Before I start, I hope that I made it clear in the original article that I was not comparing pure Python to vanilla MATLAB. Rather, pure Python and its ecosystem of libraries for matrix operations and scientific computing. Likewise, my comparison also encompasses MATLAB’s ecosystem of toolboxes such as Simulink and Symbolic Math.
With that in mind, let’s get into the list.
Myth 1: "MATLAB’s matrix operations are unbeatable"
MATLAB advocates often point out that MATLAB was literally built for matrix operations - it's right there in the name! Nothing can come close. Indeed, MATLAB used to be superior to anything in the Python ecosystem, but thanks to recent optimizations, the difference is now negligible.

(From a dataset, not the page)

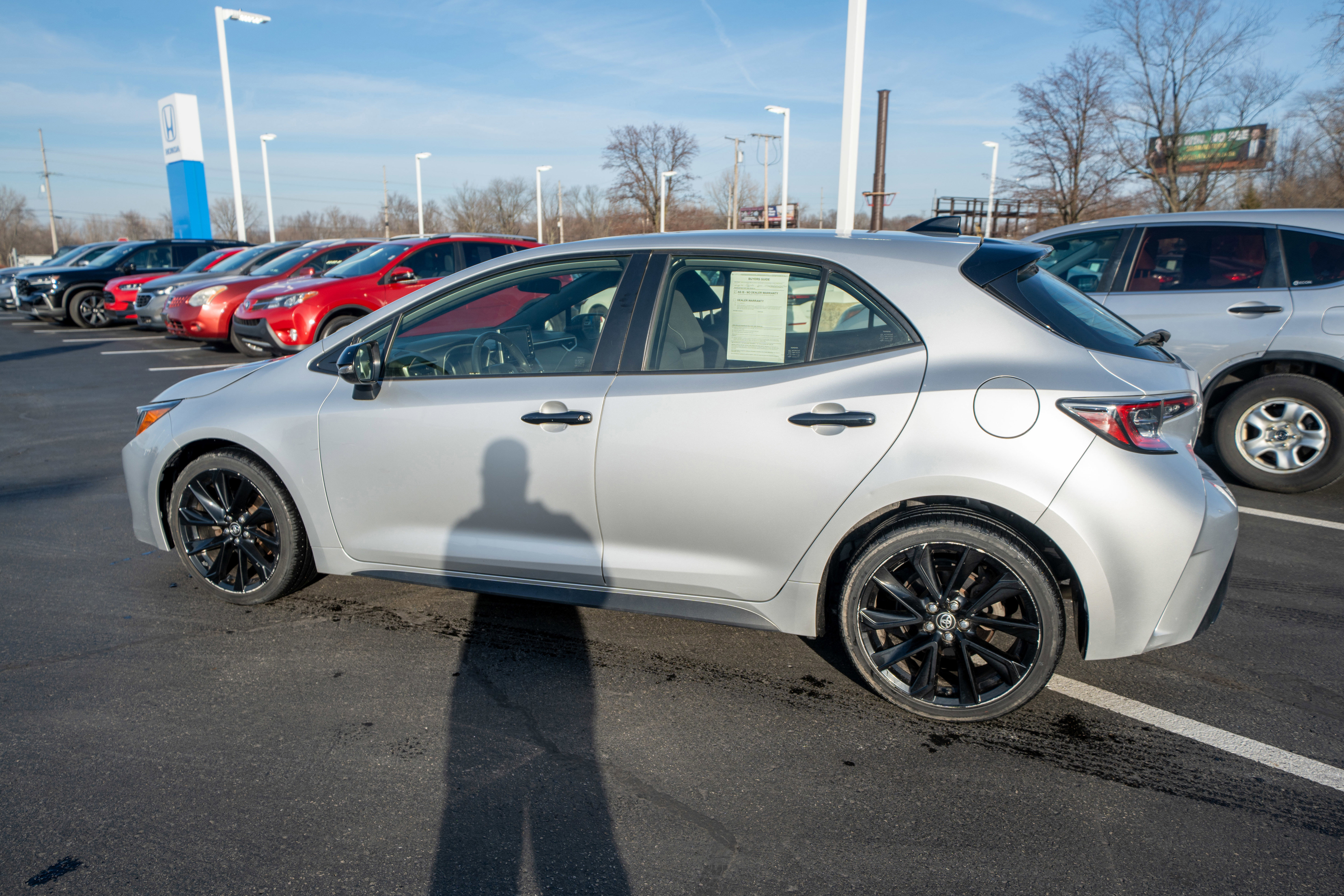 Used 2021 Toyota Corolla SE image 4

NumPy’s memory management has improved
Where NumPy really pulls ahead is in how it manages memory, and this has a huge impact on performance in real-world applications. One of its biggest advantages is views—when you slice an array in NumPy, you’re often just creating a new “window” into the same memory rather than copying the data.
This means operations on subarrays happen instantly and without extra memory overhead. MATLAB, on the other hand, tends to create copies when slicing, meaning if you extract a column from a large matrix, MATLAB will usually allocate a whole new array for it. That might not sound like much, but when you’re dealing with large datasets, those extra copies add up fast, burning through both memory and CPU cycles.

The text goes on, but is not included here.